Massively Parallel Processing Installation and Configuration
Massively Parallel Processing (MPP) can be deployed using Helm, a package manager for Kubernetes. This guide walks you through adding the MPP Helm repository, installing MPP, upgrading it with custom configurations, and setting essential values in the values.yaml file.
We suggest adjusting the number of MPP worker nodes based on CPU usage. For more information, see MPP Sizing Recommendation.
S3, Azure, and Google storage key values can’t be upgraded without a cluster reboot.
Deployment and Configuration
Installation & Containerization
The CData Virtuality MPP is deployed using Kubernetes (K8s).
It can be deployed via a Helm chart for easy installation on:
Azure Kubernetes Service (AKS)
Amazon Elastic Kubernetes Service (EKS)
The MPP engine is containerized, with Docker images published to:
Docker Hub
Quay
The system includes three core containers:
Coordinator
Metastore
Worker(s)
Configuration Settings
Initial setup is script-based
Key configurations include:
Worker node settings (CPU, memory allocation)
Metastore setup
Pre-requisites
Before proceeding with the installation, please ensure you have the following:
A Kubernetes cluster running;
Helm installed on your local machine;
Access to cloud storage credentials (AWS, Azure, Google Cloud, or a CDV license file).
Step 1: Add the Helm Repository
Add the MPP Helm repository to your Helm configuration:
helm repo add mpp <path_to_chart>
This command adds the repository so that Helm can fetch the MPP chart when needed.
Step 2: Install MPP
To install MPP, run the following command:
helm install my-mpp mpp/mpp
This installs MPP with default settings. You may want to customize the configuration using a values.yaml file, as explained in the next steps.
Step 3: Configure MPP with values.yaml
Create a values.yaml file to define cloud storage credentials and other configurations.
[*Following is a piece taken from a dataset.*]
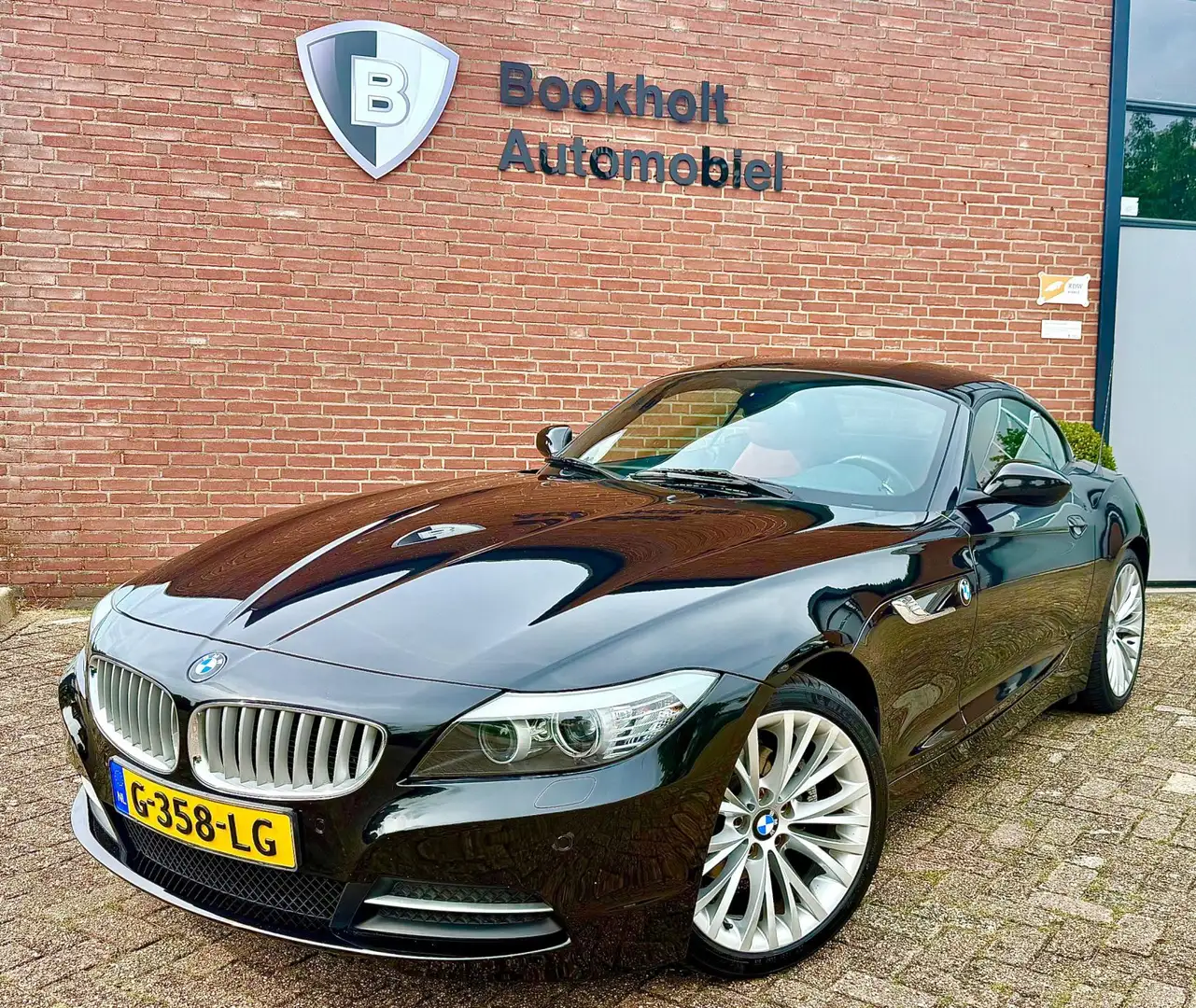BMW Z4 Roadster BMW Z4 23i Top-staat! Glascoating, Youngt Zwart - 2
Below are the supported keys and their purposes:
S3_ACCESS_KEY: "your-aws-access-key"
S3_SECRET_KEY: "your-aws-secret-key"
AZURE_ABFS_STORAGE_ACCOUNT: "your-azure-storage-account"
AZURE_ABFS_ACCESS_KEY: "your-azure-access-key"
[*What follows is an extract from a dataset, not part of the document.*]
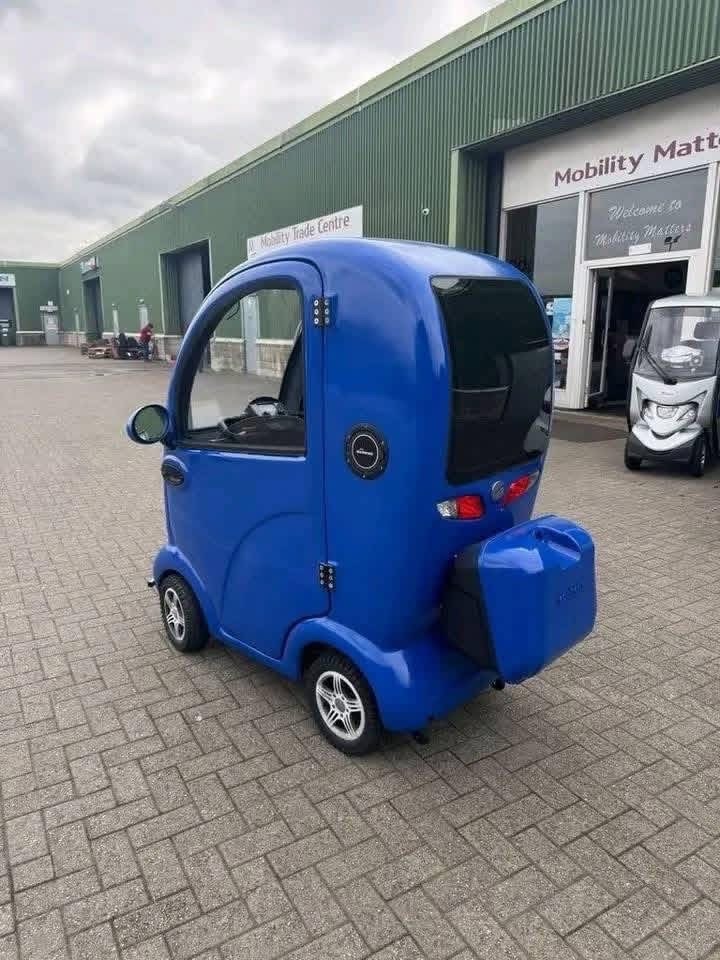 ScooterPac cabin car  - view 4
GOOGLE_CLOUD_KEY_FILE_PATH: "/path/to/google/cloud/key.json"
CDV_LICENSE_FILE_PATH: "/path/to/cdv/license.file"
S3_ACCESS_KEY & S3_SECRET_KEY: Required if using Amazon S3 for storage.
AZURE_ABFS_STORAGE_ACCOUNT & AZURE_ABFS_ACCESS_KEY: Required for Azure Blob File System storage.
GOOGLE_CLOUD_KEY_FILE_PATH: Path to the Google Cloud key file for authentication.
CDV_LICENSE_FILE_PATH: Path to the license file for using CDV.
Step 4: Upgrade MPP with Custom Configurations
After defining values.yaml, apply the custom configurations using the following command:
helm upgrade my-mpp mpp/mpp -f values.yaml
This upgrades the existing deployment with the specified configurations.
Verify the Installation
To ensure MPP is running correctly, check the status of the Helm release:
helm list
To inspect the running pods:
kubectl get pods